The meeting was convened by the delegation of France, which holds the rotating presidency of the Council for this month, and featured remarks by Secretary-General Ban Ki-moon, the Executive Director of the United Nations Office on Drugs and Crime (UNODC), Yury Fedotov, and the Secretary-General’s Special Representative for West Africa, Said Djinnit.
The latest UN estimates have found $1.25 billion of cocaine transiting through West Africa each year. In addition, a rising portion of drugs entering West African coasts use the Sahel route on the way to the Mediterranean.
“In a particularly disturbing development,” Mr. Ban told the meeting, “West Africa is no longer just a transit route for drug traffickers but a growing destination, with more than a million users of illicit drugs. Rising consumption aggravates an already challenging public health environment and threatens socio-economic development,” he noted.
Stressing that drug trafficking presents an enormous challenge to peace, stability, economic and social development in West Africa and the Sahel, he cited the need to promote a coherent, integrated and pragmatic international response, rooted in sustainable development and the full respect for human rights.
“Our aim must be to relieve citizens of the burden of crime, but also to lift them out of the conditions that enable crime to grow,” he stated. “That means addressing corruption, poverty and the lack of essential services. It means providing better education, promoting the rule of law and expanding opportunities for women, young people and marginalized groups.”
Mr. Djinnit said the UN Office for West Africa (UNOWA), which he heads, has worked closely with other UN entities to provide support to the development of sub-regional strategies to address cross-border threats such as drug trafficking.

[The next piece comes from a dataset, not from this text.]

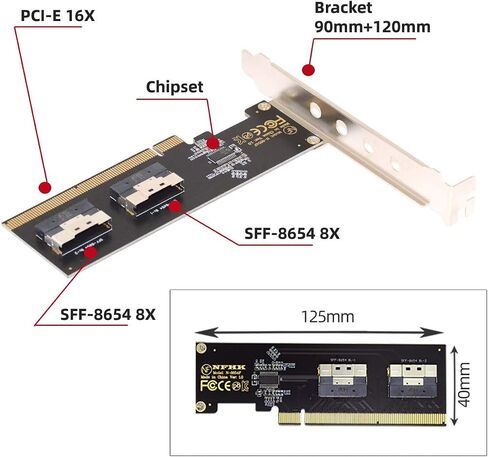 CY Card External Slimline SFF-8654 8X 74Pin to PCIE Express 3.0 PCIE4.0 Raid Card VROC Raid0 Hyper Adapter in Saudi Arabia
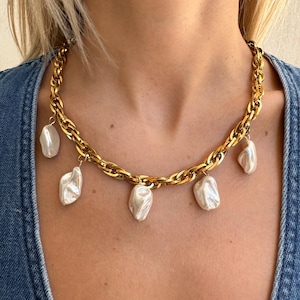 klobige Kette und Muschel Perlen Halskette, Statement Goldkette, Sommer Halskette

“UNOWA will continue to work closely with UNODC and ECOWAS [Economic Community of West African States] to advocate for effective regional initiatives and to mobilize the attention of West African leaders and civil society on the threat posed by drug trafficking and organized crime,” he stated.
Mr. Fedotov added that West Africa and the Sahel are particularly vulnerable to drug trafficking due to problems such as political instability and porous borders. The situation requires urgent action owing to the proliferation of arms in the region as well as to links between criminal organizations and extremists groups there, he said.